> _WORK ITEM_
Exact wording is required for every entry; transcribe all of them and leave the images out.

*** RECORDS ***

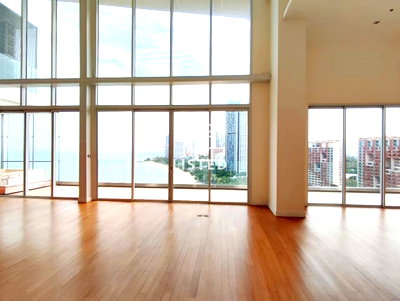 Condos for sale Tesco Lotus North Pattaya : Exclusive Penthouse at The Cove Pattaya for Sale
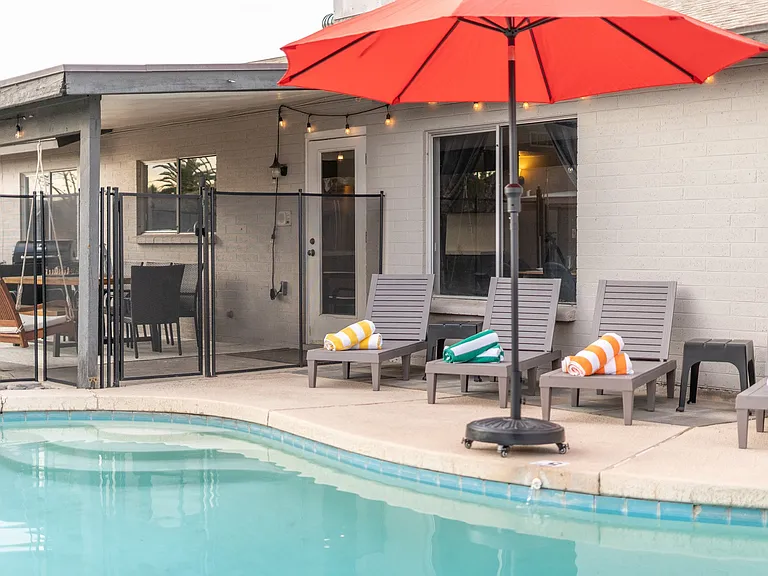 825 W Hermosa Dr — Photo 7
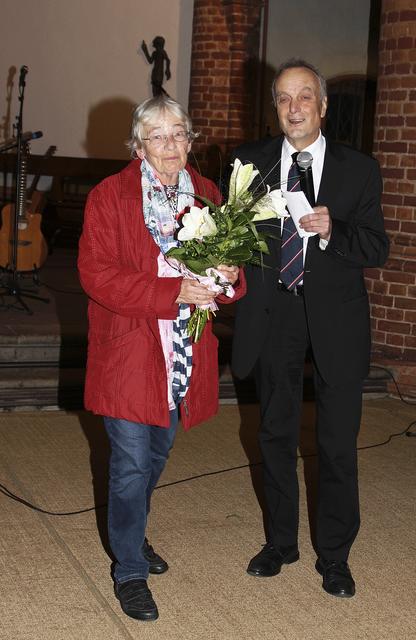 Im Gedenken an Hanscarl Hoffmann (†) überreichte Bürgermeister Gerhard Netzel dessen Witwe Angelika Hoffmann Blumen | Foto: Marion Wenner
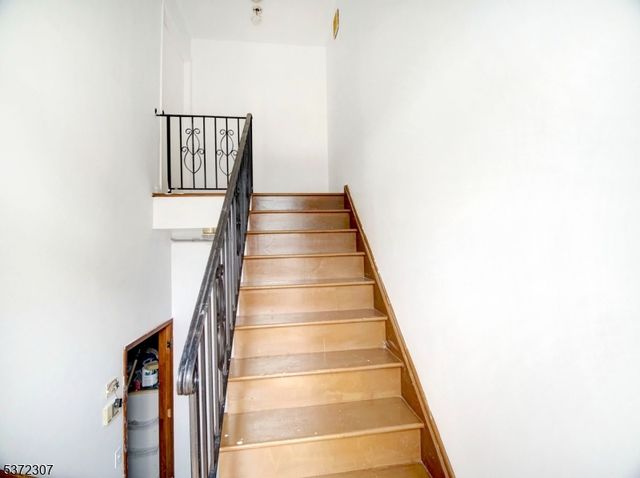 575 Bergen St, Newark City, NJ 07108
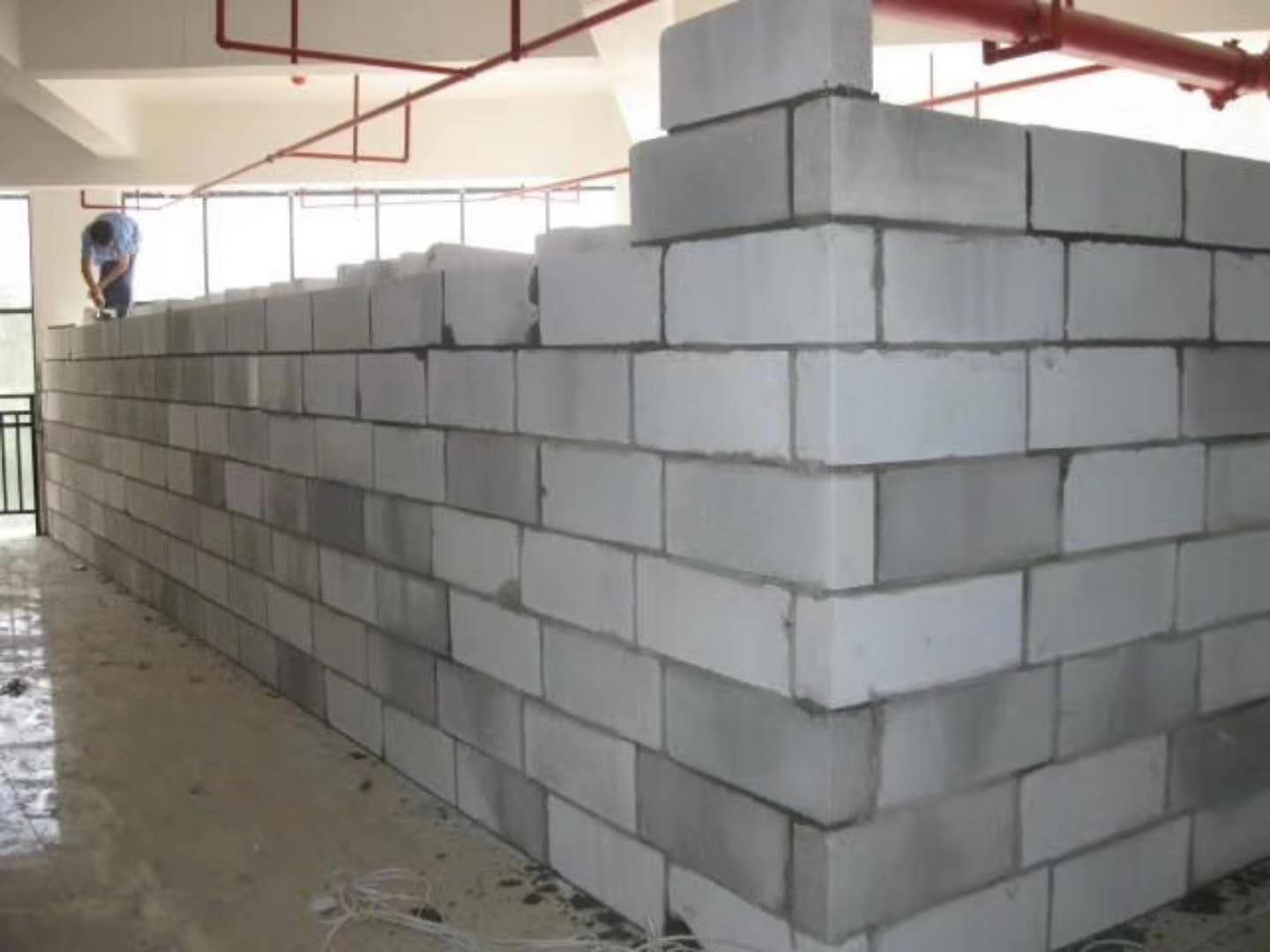 卧龙蒸压加气混凝土砌块承重墙静力和抗震性能的研究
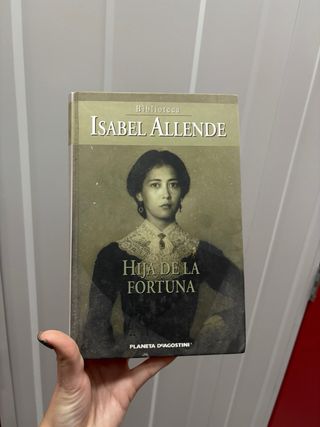 6 libros 5 de Isabel Allende y 1 de Jojo Vives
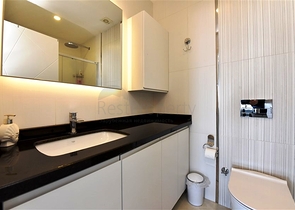 شقة من غرفتي نوم مع إطلالة بانورامية على البحر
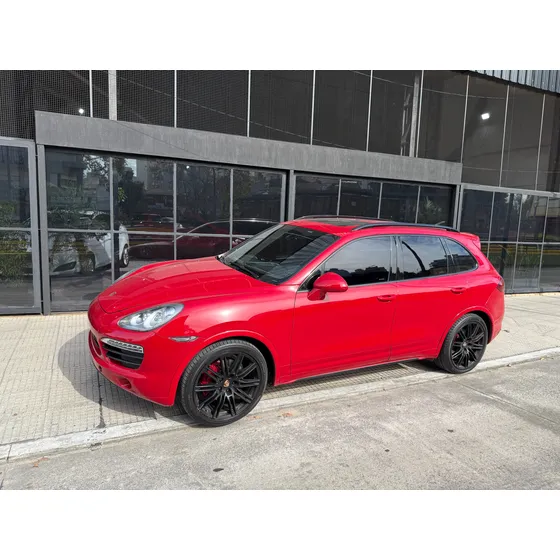 Porsche Cayenne 4.8 Turbo S 550cv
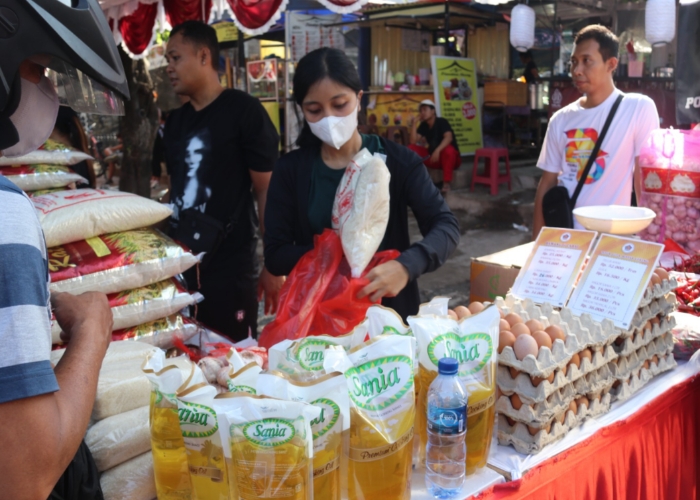 KENAIKAN HARGA : Gerai pangan murah dan pangan lokal saat acara Car Free Day di Singaraja.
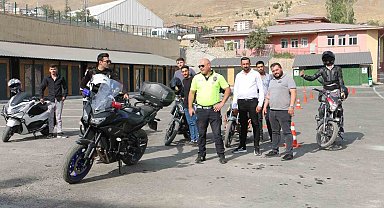 Hakkari polisinden motosiklet kullanıcılarına güvenli sürüş eğitimi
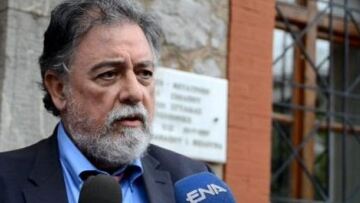 Πανούσης: «Με χτυπάνε και από τα δύο μέρη, γι' αυτό μένω όρθιος»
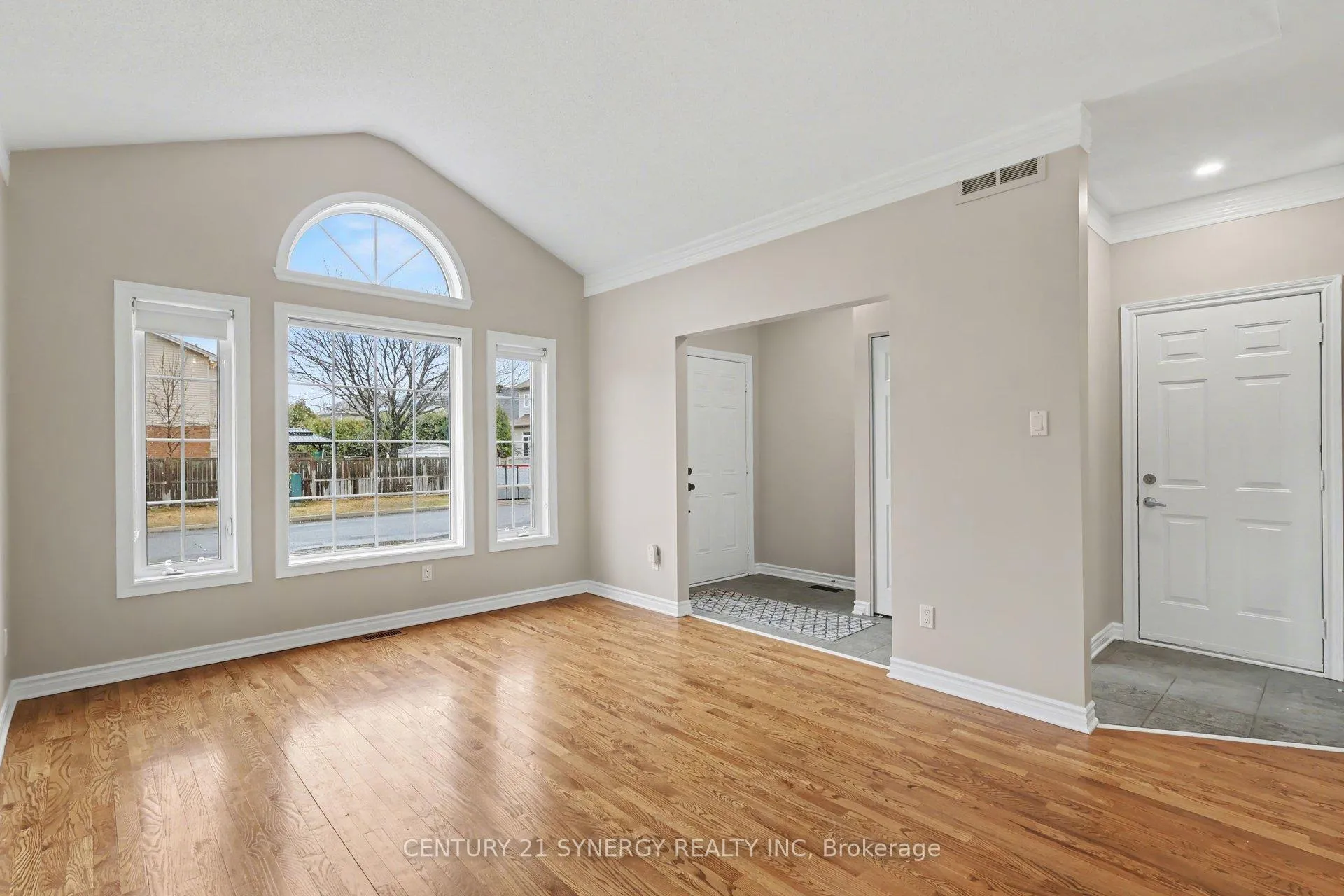 Photo 16 of 894 Gosnell Terrace, Ottawa, Fallingbrook/Gardenway South — HOMEH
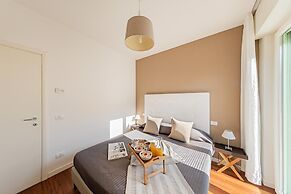 Residenza Miralago With Pool - One-bedroom Apartment With City View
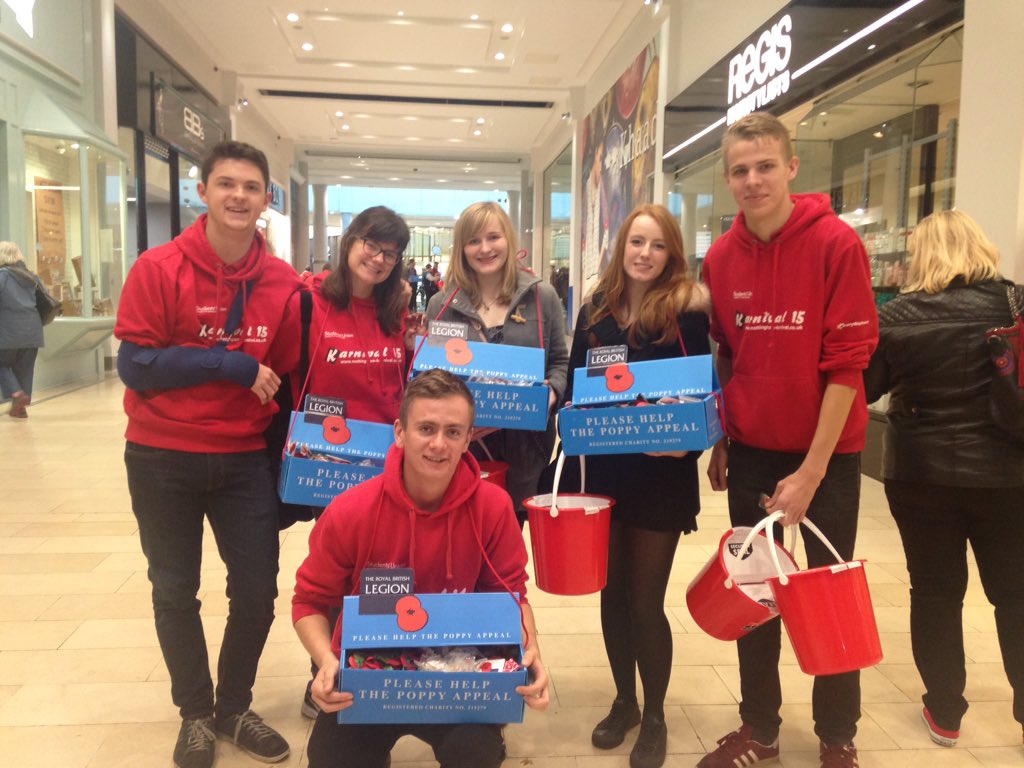 DerbyKarni's tweet photo. Rag to Leicester collecting for @royalbritishlegion today! Poppy Appeal round two 🌷 #ragraid #karni @NottsKarni https://t.co/2kd4Y68zrx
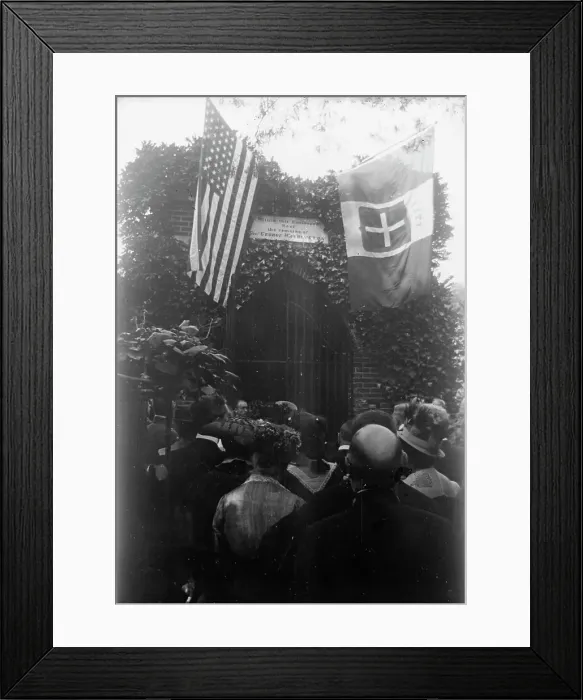 Framed Print : Italian Commission To U.S. - at Tomb of Washington, 1917. Creator: Harris & Ewing. Italian Commission To U.S. - at Tomb of Washington, 1917. Creator: Harris & Ewing Framed Print : Italian Commission To U.S. - at Tomb of Washington, 1917. Creator: Harris & Ewing. Italian Commission To U.S. - at Tomb of Washington, 1917. Creator: Harris & Ewing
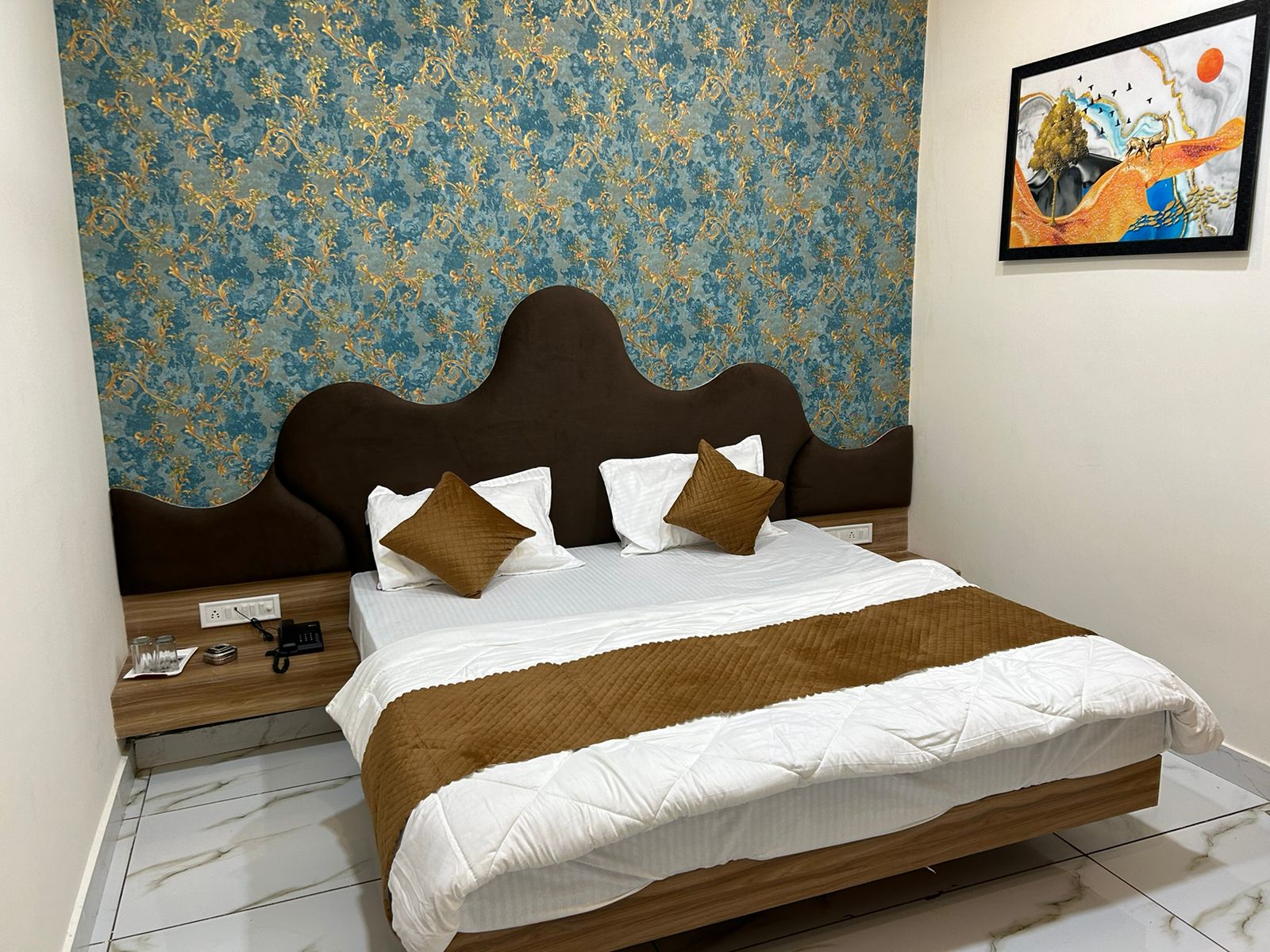 Hotel Shivay - Tap to explore photos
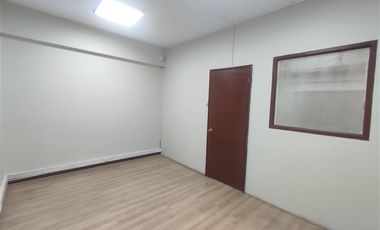 Oficina en Venta en agustina 1161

*** End of RECORDS ***

> _ANSWER TO THIS TASK_
 Condos for sale Tesco Lotus North Pattaya : Exclusive Penthouse at The Cove Pattaya for Sale
 825 W Hermosa Dr — Photo 7
 Im Gedenken an Hanscarl Hoffmann (†) überreichte Bürgermeister Gerhard Netzel dessen Witwe Angelika Hoffmann Blumen | Foto: Marion Wenner
 575 Bergen St, Newark City, NJ 07108
 卧龙蒸压加气混凝土砌块承重墙静力和抗震性能的研究
 6 libros 5 de Isabel Allende y 1 de Jojo Vives
 شقة من غرفتي نوم مع إطلالة بانورامية على البحر
 Porsche Cayenne 4.8 Turbo S 550cv
 KENAIKAN HARGA : Gerai pangan murah dan pangan lokal saat acara Car Free Day di Singaraja.
 Hakkari polisinden motosiklet kullanıcılarına güvenli sürüş eğitimi
 Πανούσης: «Με χτυπάνε και από τα δύο μέρη, γι' αυτό μένω όρθιος»
 Photo 16 of 894 Gosnell Terrace, Ottawa, Fallingbrook/Gardenway South — HOMEH
 Residenza Miralago With Pool - One-bedroom Apartment With City View
 DerbyKarni's tweet photo. Rag to Leicester collecting for @royalbritishlegion today! Poppy Appeal round two 🌷 #ragraid #karni @NottsKarni https://t.co/2kd4Y68zrx
 Framed Print : Italian Commission To U.S. - at Tomb of Washington, 1917. Creator: Harris & Ewing. Italian Commission To U.S. - at Tomb of Washington, 1917. Creator: Harris & Ewing Framed Print : Italian Commission To U.S. - at Tomb of Washington, 1917. Creator: Harris & Ewing. Italian Commission To U.S. - at Tomb of Washington, 1917. Creator: Harris & Ewing
 Hotel Shivay - Tap to explore photos
 Oficina en Venta en agustina 1161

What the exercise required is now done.